Good morning and thanks for taking my questions. Two if I could, first on the TV business, obviously that's growing into and has continued some very strong top line growth and we were a little bit surprised to see EBITDA losses this quarter, just wondering if you could kind of walk through the increase in amortization and residuals as a percentage of revenue there and maybe as a result of mix or something. And then secondly on the international side, Jon you talked a little bit before that the success for the (inaudible) films in Lionsgate UK businesses. Is there any interest in going into further areas and then potentially it's a non-English speaking regions in order to kind of leverage the portfolio particularly as international box as a percentage of total has grown so much in recent years?
I guess I'll take the first one, if you look in to Q; we basically take a couple of write-downs on TV division of about $4 million. It was some product that had a serious had failed (inaudible) international ultimate that we lowered. So that's really impacted the quarter, I think you'll find for the full year, you'll see it on aggregate doing well with (inaudible) P&L that contributing to it.
And the only other territory that we have looked at actually it began a hybrid effort as I mentioned before as Australia, we like English speaking, the difficulty in expanding distribution internationally is when they enough titles, where we have enough international rights which requires a larger risk factor if you will. So a number of our films on our domestic slate, we don't have the international rights, but the UK and Canada have done extremely well. I mentioned (inaudible) as they have been very opportunistic in terms of third party product and again are contributing nicely this year.
So it's possible we could take another look at Australia, but other than that, I don't see making significant investment in other territories.
And next we'll go the line of Vasily Karasyov, please go ahead.
Have two follow-up questions, one on TV Guide, one on Epics. On Epics can you please give us more color on what kind of carriage the channel is getting? Is it basic tier, is it a pay tier, that would be appreciated and also on TV Guide, given what's on going with the retransmission fees and Fox pushing hard, and to Time Warner cable deal that was concluded recently, are you having different conversations with MSOs about a affiliate fees than you were let's say a year ago? Thank you.
Well, on TV Guide, the deals that we've made so far were both good deals and fees were both adjusted upward, but we're at the beginning of the phase and obviously as a rate it continues to grow. The next set of conversations we're going to have are hopefully, going to have us in a better position to make better deals, that's part of the process. These are essentially long-term proposition. However given we've only been one year into it and seen growth both in the TV Guide ratings as well as Tv.com really extraordinary traffic. We are actually ahead of schedule in terms of where we thought we would be.
In terms of Epics, it is a combination. We are trying to create tremendous flexibility for our MSO partners and so as I said before, its going to be a combination of À la carte, a combination of tiering and a combination of guarantees because I said based upon all of the above and all of our projections, we are on our plan. So that's the best answer I can give you.
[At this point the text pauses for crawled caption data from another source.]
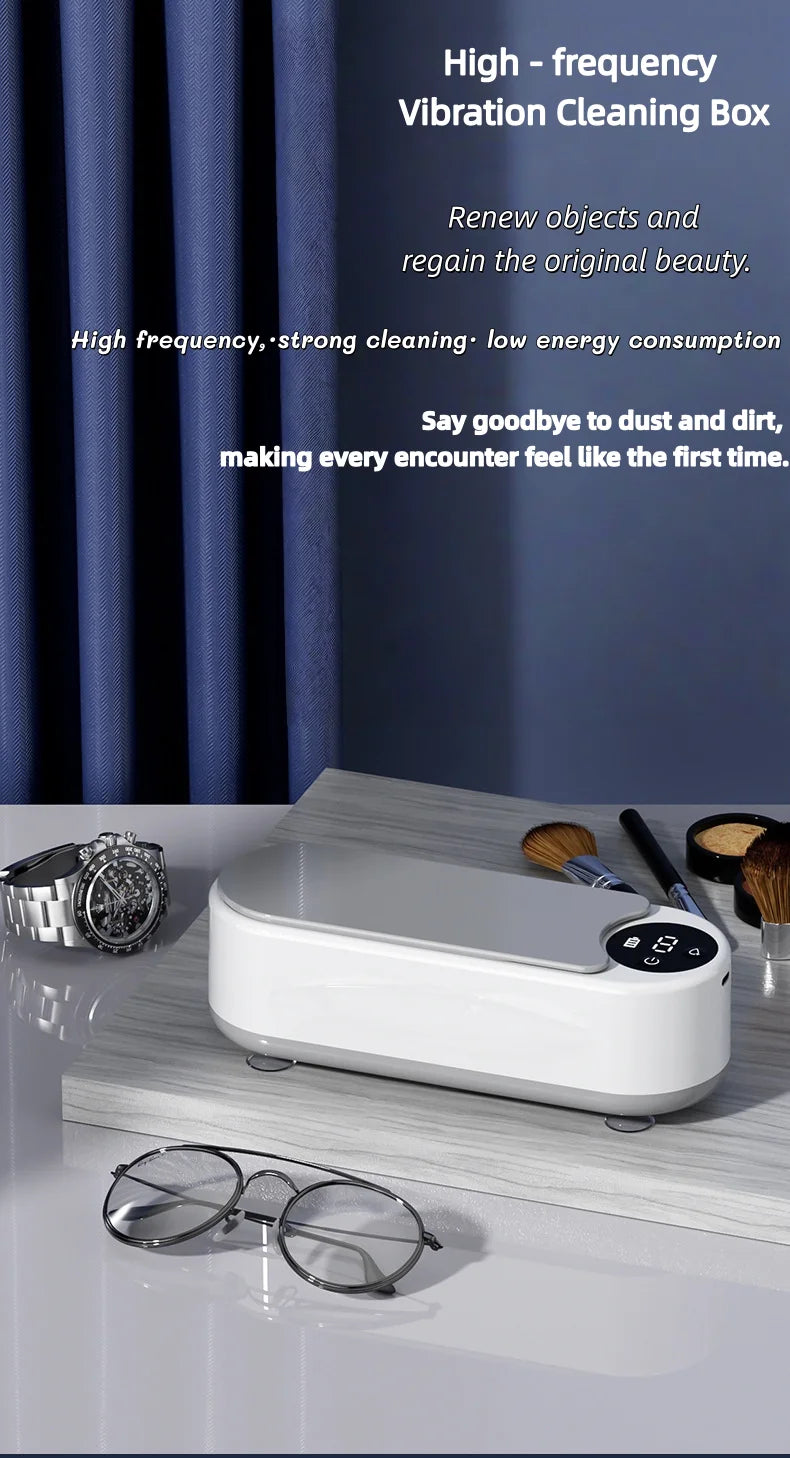 High Frequency Vibration Jewelry Cleaner 360° Automatic Deep Cleaning Tool Portable USB Rechargeable for Rings Watches Glasses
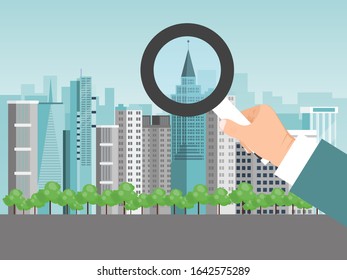 Hand with magnifier search building vector illustration. Man holding magnifying glass choosing house. Real estate concept. Choosing design apartments for sale or rent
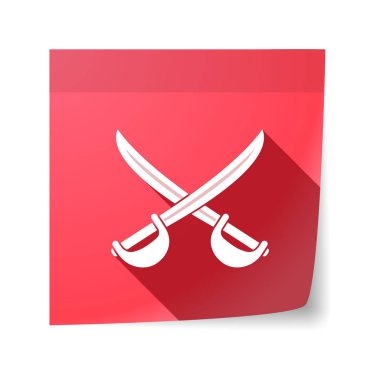 İki kılıç ile izole yapışkan not geçti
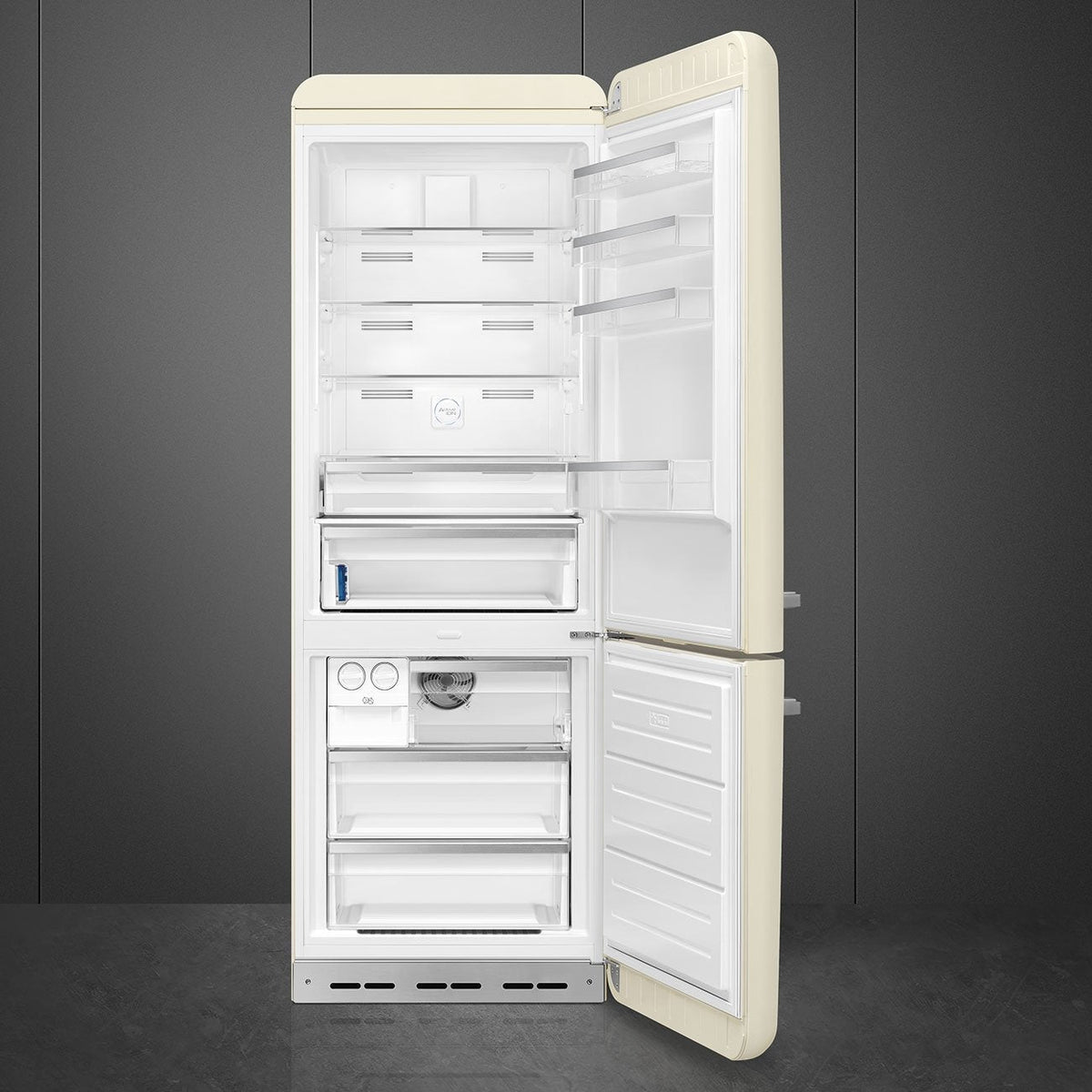 Smeg - 27" 50's Retro Style Bottom Mount Freezer Right Hinge Cream - FAB38URCR (Special Order Item)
Thank you. And at this time there are no further questions coming from the phone lines. Ladies and gentlemen this conference will be made available for replay after 8:00 am today through February 17 at midnight. You may access the executive playback service at any time by dialing 1800-475-6701 and entering the access code of 143850. Again, this conference will be made available for replay. You can dial 1800-475-6701 and enter the access code of 143850. That does conclude our conference for today. Thank you for your participation and for using the AT&T executive teleconferencing service. You may now disconnect.